顧客課題の収集が「営業」、解決法を選んでもらうことが「販売」
営業を避けようとする事業者がいることに驚いています。そうした事業者は営業を他の何かと勘違いしているように感じます。
押し売りは営業ではない
営業というと何かを誰かに売りつけることと誤解している人が多いです。「このペンを初対面の人に売ってみてください」みたいな感じです。自分の身に置き換えればわかると思いますが、要らないものはいつまで経っても要らないし、ましてや誰かに買い物を強制されるなんて何より不愉快なことです。この真理を忘れて、押し売りをしようとするなんて営業ではなくて、ただの「無理強い」です。
では営業の本質とは何なのか。それは顧客課題を集めることです。見込客へまず自己開示して関係性を作り、困りごとを打ち明けてもらうまでが「営業」なのです。あとは簡単。顧客課題を解決する何かを提案して選んでもらうだけ。自社製品やサービスでなくてもよくて、顧客課題を解決するお手伝いをするのです。その後はいつか自社製品やサービスを使ってくれるはず。これが「販売」。急がば回れ、なのです。
中小企業支援に携わっていると営業から逃げる事業者があまりに多くて愕然としてしまいます。研究開発だけに没頭したり、売ることだけに意識が行ってしまっていたり。営業には手間と時間が掛かることを本能的に察知しているから、安直に見える選択肢を選び続けてしまうのでしょうか。
ある創業間もない事業者は自社の技術に自信があるからか、いつまで経っても営業に着手しようとはしません。もちろん満足な売上を得られているわけではなく、細々とまぐれ当たりの受注を得ているのみ。

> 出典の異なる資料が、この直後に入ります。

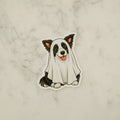 Ghostie Border Collie Sticker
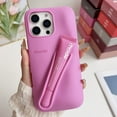 thumbnail image 2 of US Exclusive for Samsung Case (S23/S24/A14/A15/A54) - Hailey-Inspired, Silicone Material with Embossed Craft & Lipstick/ for Rhode Lip Gloss Storage, 2 of 5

私からしたら後は営業するだけなのですが、格好悪いとかみっともないと思っているのか、見込客の所へ足を運ぼうとしないのです。事業を営んでいるのであれば営業は必須。営業をする気がないのであれば、最初から創業は向いていません。見込客のリストを作り、自己開示をして関係性を作り、困りごとを収集する手間を掛ける事業者のみが成長していくのです。
まずは自己開示から営業は始まる
ある事業者はそもそもホームページを用意していません。営業の大前提である自己開示を怠っているので、そもそも見込客が困りごとを打ち明けてくれることはありません。誰だかわからない人に自分の困りごとを打ち明けてくれるわけなどないのです。

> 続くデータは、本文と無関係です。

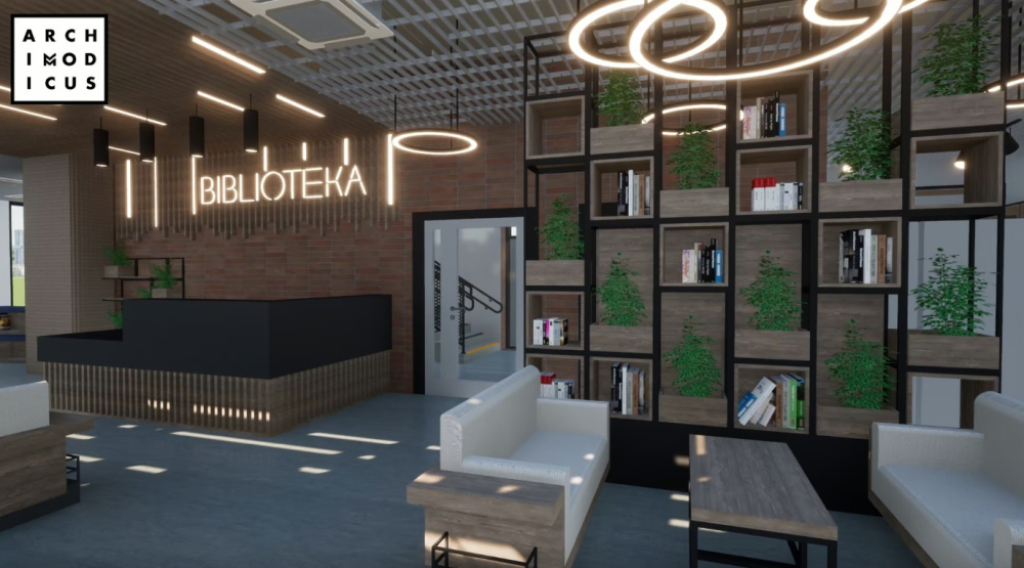 Będzie nowa biblioteka w Długołęce – fot. archimmodicus/wroclaw.pl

私がこのブログを書き続けている理由は、まさに私が何者であるかを知ってもらうためです。零細な自営業者であるからこそ、まずはどんな人間かを知ってもらわなければ地方中小企業の経営者に選ばれることはないとわかっています。だから、補助金や法改正の情報などの誰でも発信できるコンテンツを書くことはなくて、私が何をどう考えているのかを中心に文章を書いています。そして、時には趣味や遊びの話も織り交ぜているのも私を知ってもらうため。感性の合う人に存在を気づいてもらうためには積極的な情報発信が必要なのです。

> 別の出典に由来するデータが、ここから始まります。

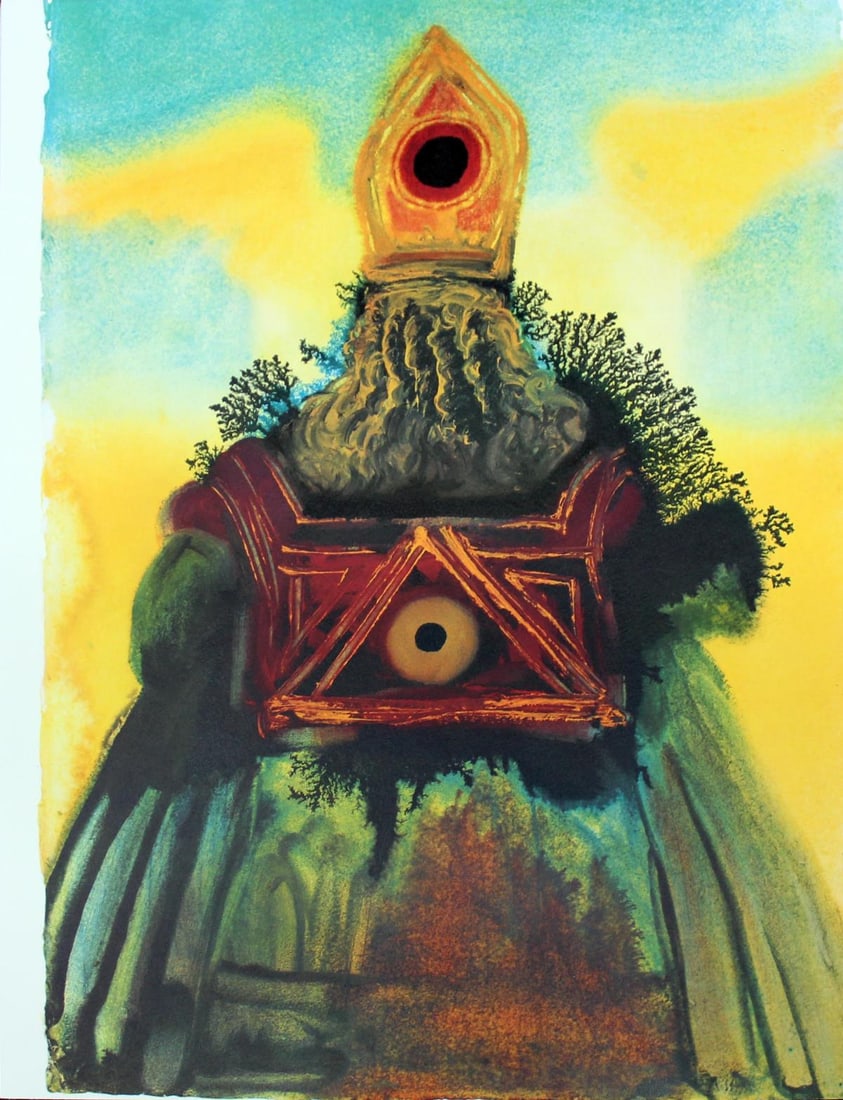 Salvador Dali - Volume II.3: Artist: Salvador Dali Title: Volume II.3 Year: 1969 Dimensions: 19in. by 13.75in. Edition: From the rare limited edition Suite: Biblia Sacra Comes with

自己開示をできないのであれば事業を営むことは困難。誰だかわからない相手からモノやサービスを買ってくれる人はいないのです。自分の身に置き換えたら当たり前のことだとすぐわかるのに、いざ自分が事業を営むとこの単純なことを忘れてしまう人が多いのです。
私の使われ方
顧客課題の収集が「営業」、解決法を選んでもらうことが「販売」です。
私が顧問先の経営者とお会いするときは、新規事業について議論したり、日々の経営課題の議論に参加したりすることばかり。私が一方的に何かを「指導」したり、数字を眺めて欠点を「指摘」だけするようなことはありません。つまり、経営者の困りごとを解決するための対話相手として使ってもらっています。
士業や専門家らしき人にありがちなのが、上から目線で指導と指摘を繰り返してしまうタイプ。顧客課題の解決にまったく役立たないので、経営者から長く必要とされることはありません。私も家業の代表取締役を務めていたときに、こうした専門家らしき人に取り憑かれたことがありますが、その徒労感といったらありません。銀行との付き合いで関わっていた人なのですぐに去ってもらうこともできず、対応に手間を取られた苦い思い出ばかりが残っています。
まずは自己開示をして困りごとを打ち明けてもらえるような関係性を築き、その後は解決策を提示して選んでもらうように仕向ける。これが商売です。